Pooja Srivastava MD, Svetlana A. Yatsenko, MD, DABMGG, FACMG
Pooja Srivastava MD, Svetlana A. Yatsenko, MD, DABMGG, FACMG
INTRODUCTION
Acute myeloid leukemia (AML) is a highly aggressive and extensively studied hematological malignancy which is known to affect around 13000 adults in United States annually (1). Cytogenetic aberrations are the most important diagnostic and prognostic findings in patients with AML, however karyotype abnormalities are identified in only half of all AML cases (2, 3). Cryptic rearrangements involving the lysine (K)-specific methyltransferase 2A (KMT2A) has been detected in ~ 5-10% cases of adult patients with cytogenetically normal AML (4, 5). The KMT2A gene, located at 11q23, is involved in a number of the translocations with more than 90 gene partners. Many of these rearrangements can be detected by karyotype or by fluorescence in situ hybridization (FISH) studies using KMT2A break apart probe. A partial tandem duplication (PTD) in the KMT2A gene is a cryptic alteration, undetectable by either karyotype or FISH, and produces an in-frame, elongated protein (6). We present a case of AML with normal cytogenetic results, in which a KMT2A-PTD was detected by microarray analysis.
CASE REPORT
A 63-year-old female with no past medical history came for routine general physical check-up. Her complete blood count (CBC) analysis was consistent with neutropenia and thrombocytopenia. Her white blood count (WBC) was 0.8X109/L, absolute neutrophil count (ANC) 0.2X109/L, absolute lymphocyte count 0.6X109/L, hemoglobin 12.7g/dl, platelet count 118X109/L, MCV 92fl, creatinine 0.8mg/dl, and normal LFTs. Her previous CBC from 2 years back was normal with WBC of 4.1X109/L, ANC 2.4X109/L, absolute lymphocyte count was slightly decreased at 1.2X109/L, hemoglobin 14.4g/dl, MCV 88fl, and platelet count 204X109/L. Clinically the patient was asymptomatic. On further questioning she acknowledged having some mild sinus congestion, but no fevers, chills, or pruritus. On examination she was found to have some bruising but the exam was negative for palpable lymphadenopathy or splenomegaly.

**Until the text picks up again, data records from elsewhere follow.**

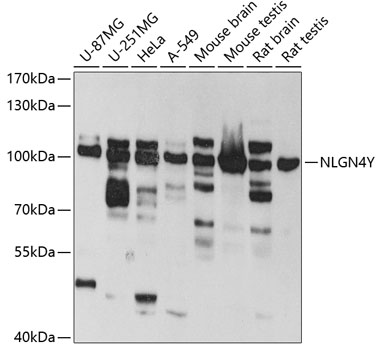 NLGN4Y Polyclonal Antibody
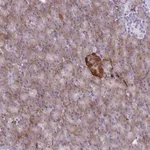 Merck Anti-FAM86B1 antibody produced in rabbit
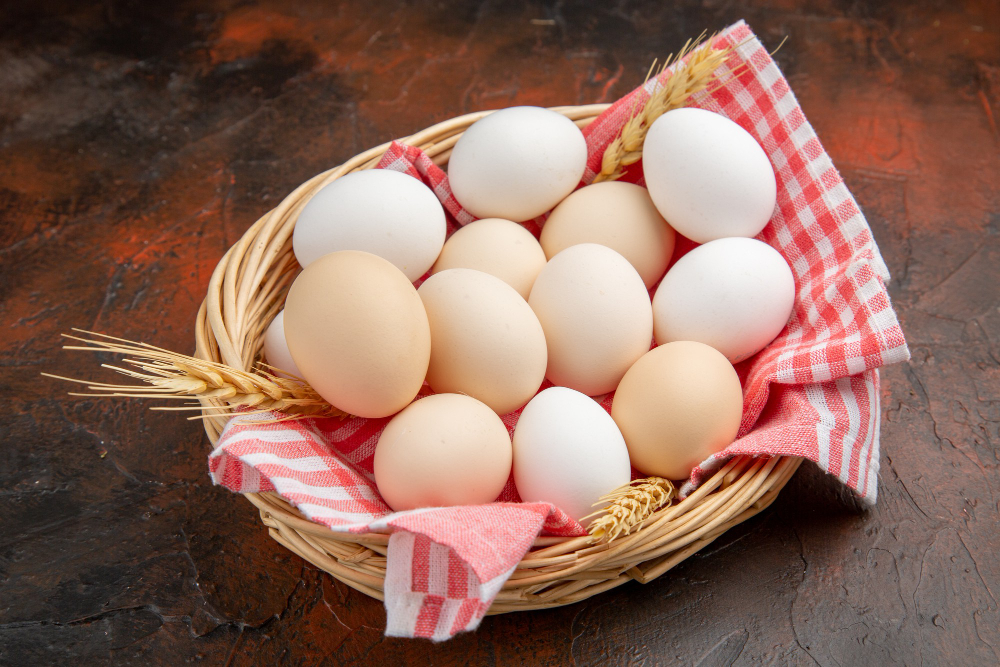 TELUR: Protein termudah untuk diolah.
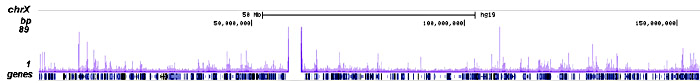 CHD7 Antibody ChIP-seq Grade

Flow cytometric analysis was performed on a peripheral blood sample and revealed a small circulating blast population (<1%) which was considered non-specific. Due to the concerns for a bone marrow infiltrating process, a bone marrow aspirate and biopsy were performed. Also, serum protein electrophoresis, serum protein immunoelectrophoresis, and quantitative immunoglobulins were ordered. Bone marrow biopsy demonstrated a hypercellular marrow (50% cellular) with a significant portion of the marrow cellularity being composed of blasts and promyelocytes. There were frequent bilobed cells and multiple Auer rods were noted in a subset of myeloid cells. The patient was diagnosed with Acute Myeloid leukemia (AML) with features worrisome for acute promyelocytic leukemia and further hematology oncology work up was suggested.
FISH was negative for the PML/RARA and RARA gene rearrangements. PML/RARA Intron 3 and Intron 6 breakpoint transcripts were not detected by quantitative real-time PCR. Cytogenetic studies showed normal female karyotype. No clonal numerical or structural abnormalities were observed. Studies for FLT3-ITD and FLT3 D835 mutations were negative. FISH studies for the 7q, 5q, 20q deletions, trisomy 8, RUNX1T1/RUNX1 gene fusion, KMT2A and CBFB gene break apart rearrangements were negative. Further testing included microarray analysis that showed a gain in copy number in the 11q23 region, spanning approximately 14.8 kb (Figure 1). This region contains exons 2-7 of the KMT2A gene. Next generation sequencing identified DNMT3A p.F640* and IDH1 p.R132C mutations.
Figure 1. Array comparative genomic hybridization plot showing a gain in the 11q23.3 region corresponding to exons 2-7 of the KMT2A gene.
Based on the bone marrow and microarray findings, the patient was started on 7+3 induction chemotherapy with further plans for stem cell transplant. On follow-up day 14, bone marrow biopsy showed 10-20% cellularity with 4% blasts. Her hospital course was complicated by erythematous asymptomatic papular eruption which on biopsy was consistent with inflamed seborrheic keratosis possibly related to chemotherapy. Periodic acid-Schiff, Gomori methenamine silver, Gram, Fite and Ziehl Neelsen stains were negative for microorganisms. The patient further completed 2 cycles of consolidation chemotherapy and was found to have 2.5% blasts on bone marrow biopsy when she was scheduled for matched unrelated donor stem cell transplantation.